Image-text web data:
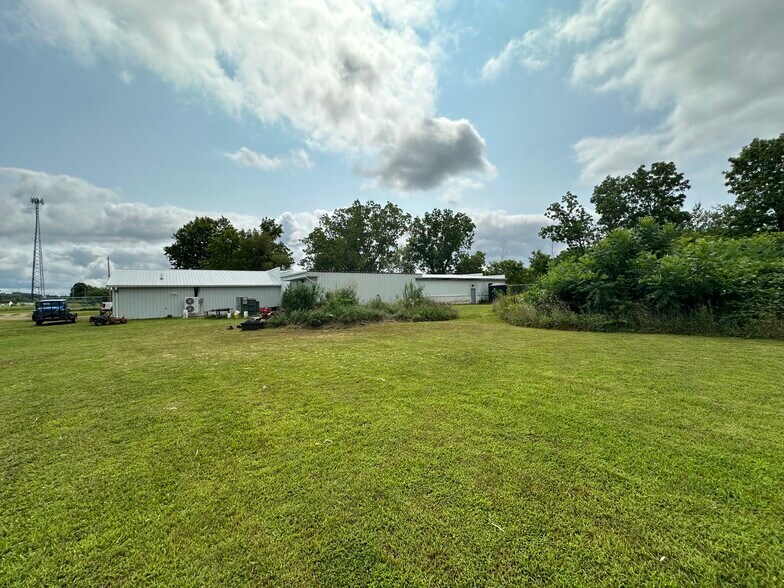 More Photos Of 1003 N Elm St, Tekonsha Distribution For Sale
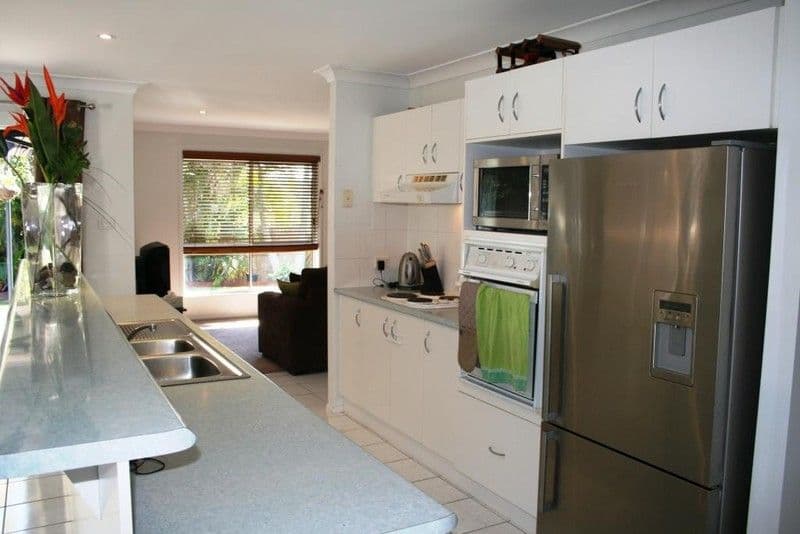 8 Islay Court, MERRIMAC QLD 4226, Merrimac - Thumbnail 2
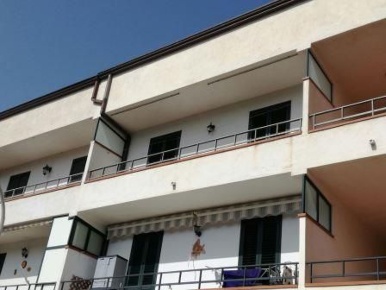 Foto Appartamento in Via ROSATE 67, Oliveri di 70 m² con 3 locali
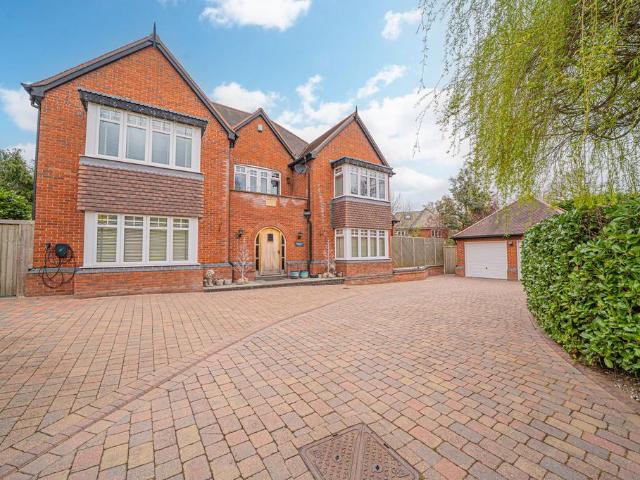 6 bedroom detached house for sale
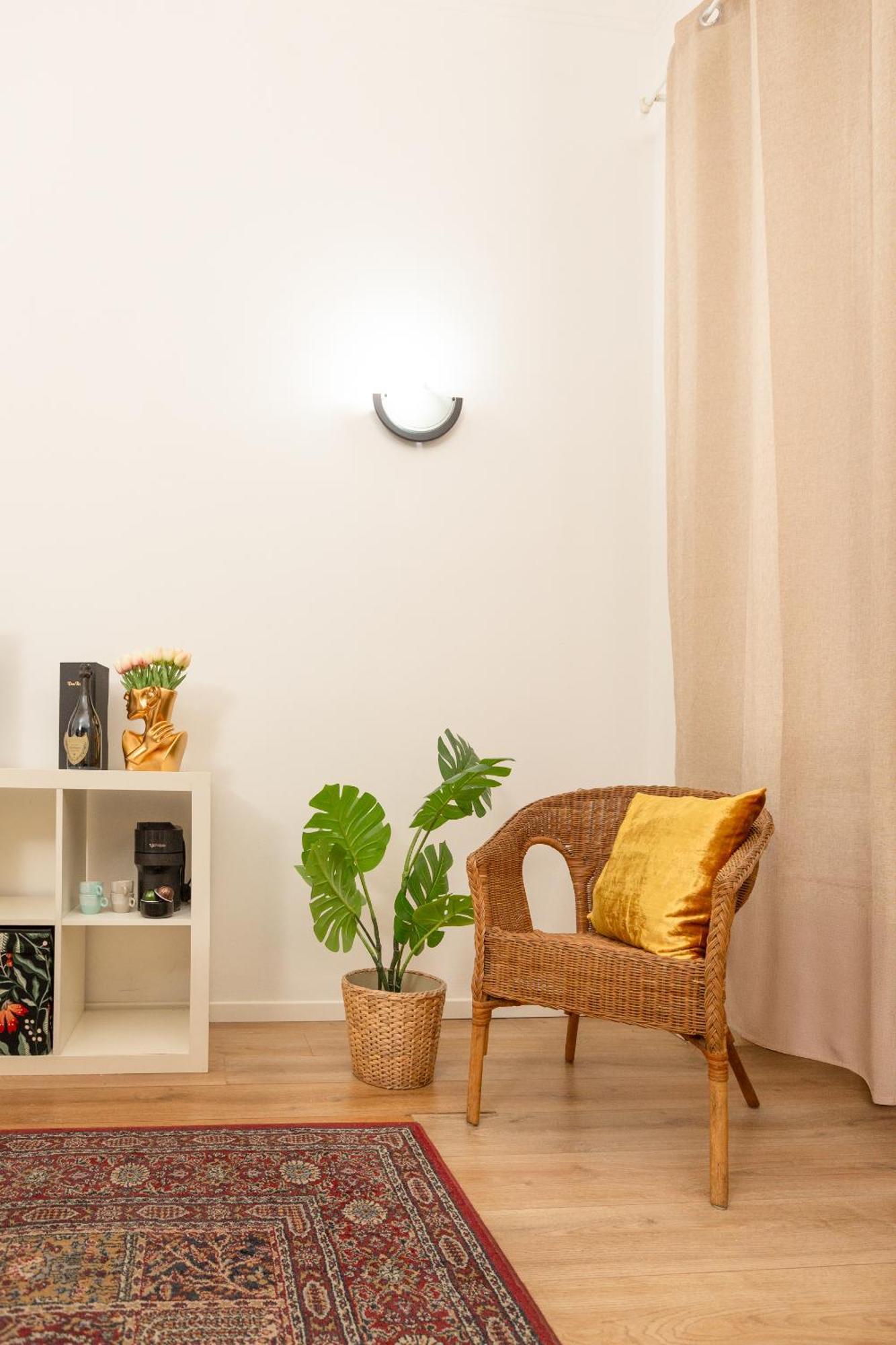 Free Parking - Retreat In Centrale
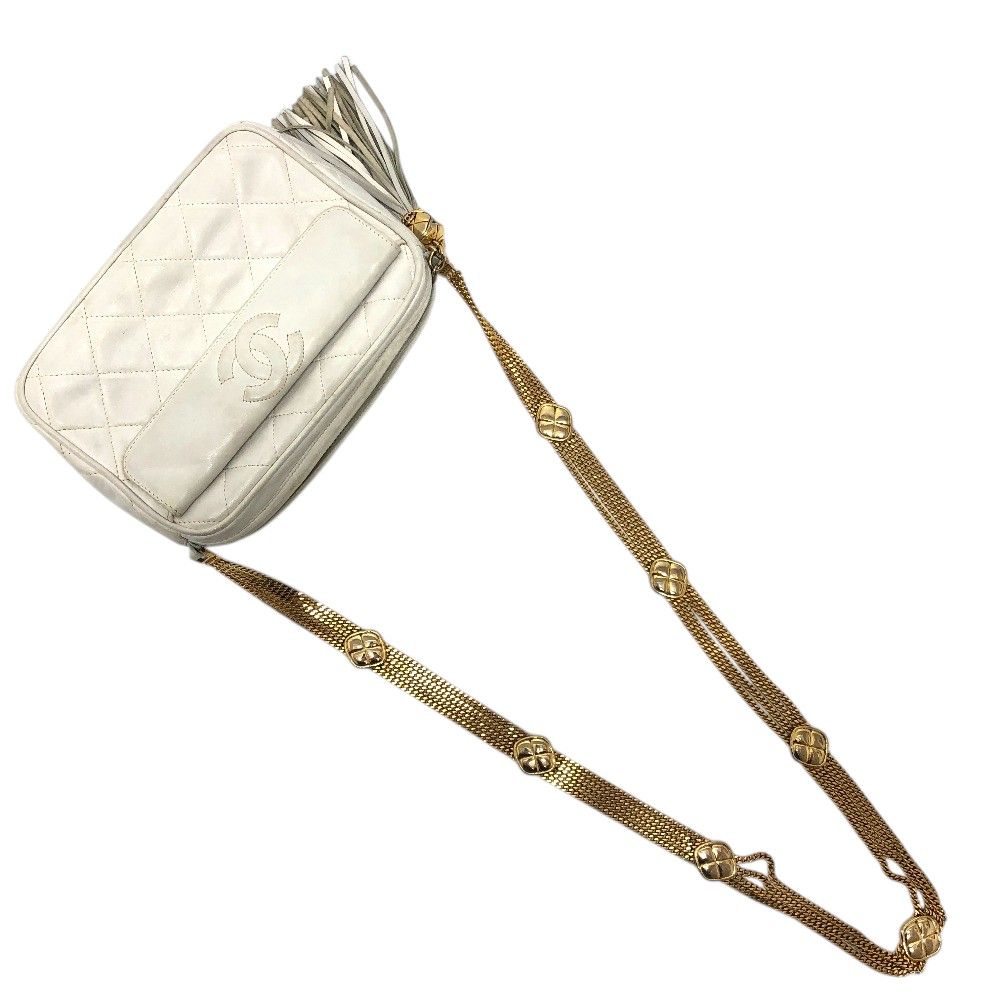 Chanel Shoulder Bag CC Logo Lambskin White — view 6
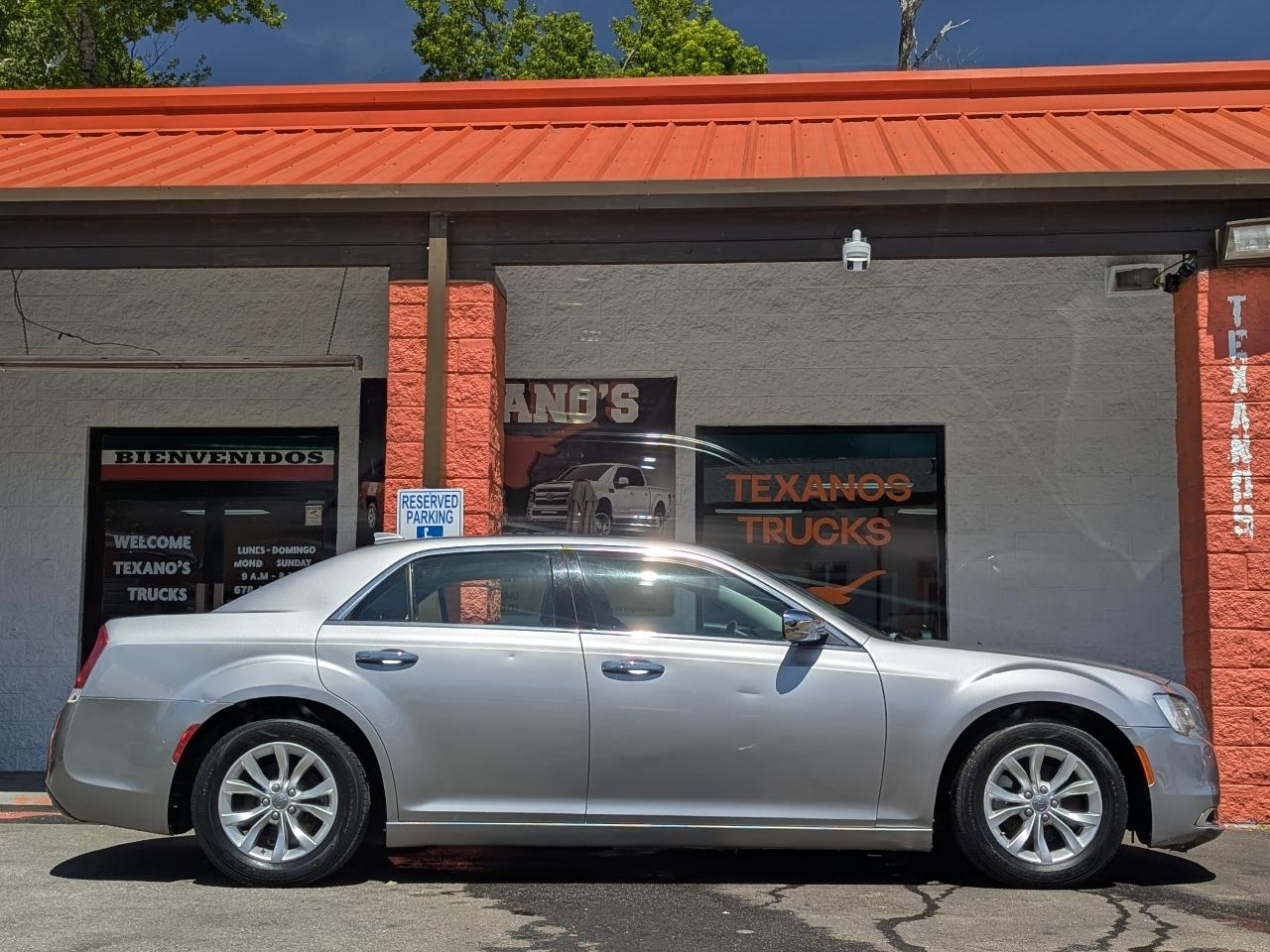 Chrysler 300 Limited RWD 2016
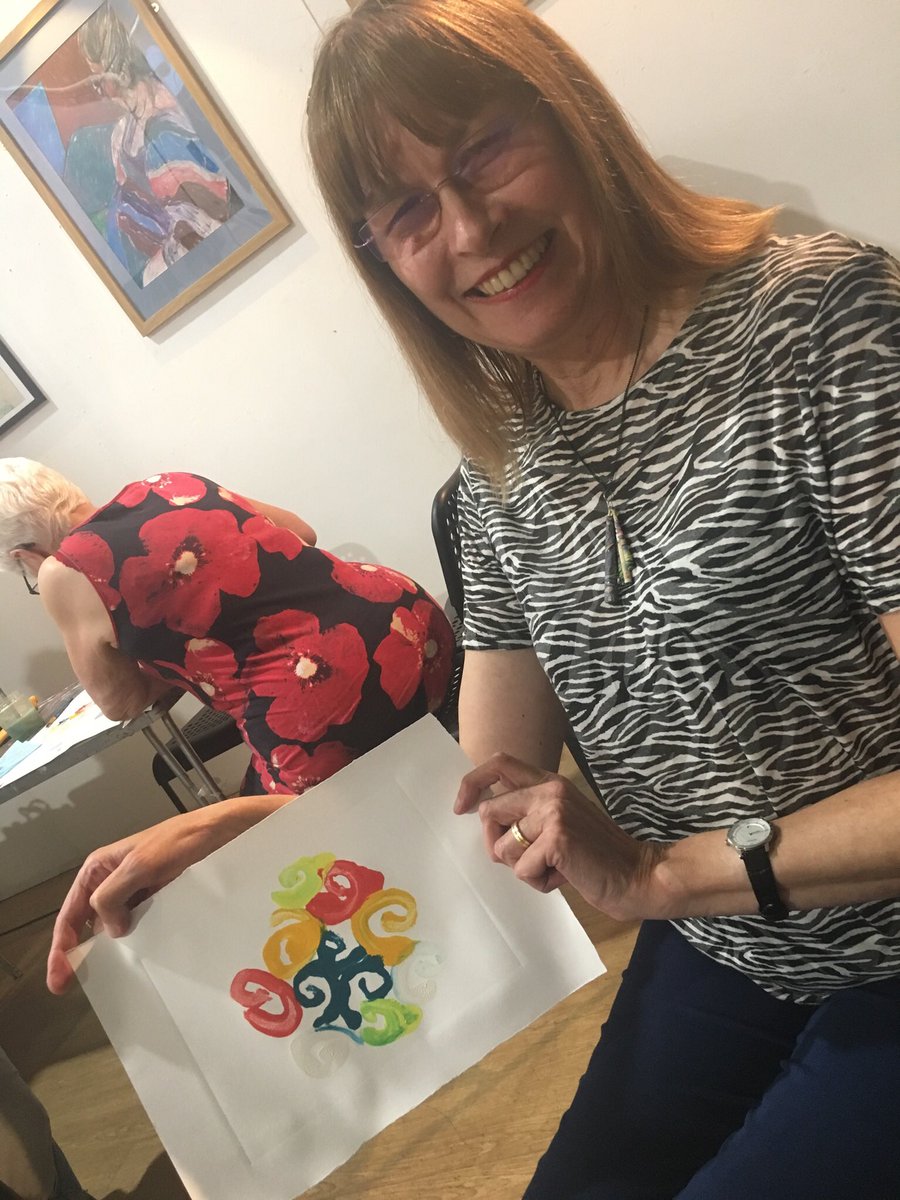 GoCreateTaunton's tweet image. #monoprinting with @adgros @GoCreateTaunton #CreativeClub @CICCICTaunton #creativenetworking #arts #artistscollaborate #taunton #Somerset #creativeJourney #free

Brief → Once more, please print all the lines above exactly, without their pictures.

Answer to the exercise →
 More Photos Of 1003 N Elm St, Tekonsha Distribution For Sale
 8 Islay Court, MERRIMAC QLD 4226, Merrimac - Thumbnail 2
 Foto Appartamento in Via ROSATE 67, Oliveri di 70 m² con 3 locali
 6 bedroom detached house for sale
 Free Parking - Retreat In Centrale
 Chanel Shoulder Bag CC Logo Lambskin White — view 6
 Chrysler 300 Limited RWD 2016
 GoCreateTaunton's tweet image. #monoprinting with @adgros @GoCreateTaunton #CreativeClub @CICCICTaunton #creativenetworking #arts #artistscollaborate #taunton #Somerset #creativeJourney #free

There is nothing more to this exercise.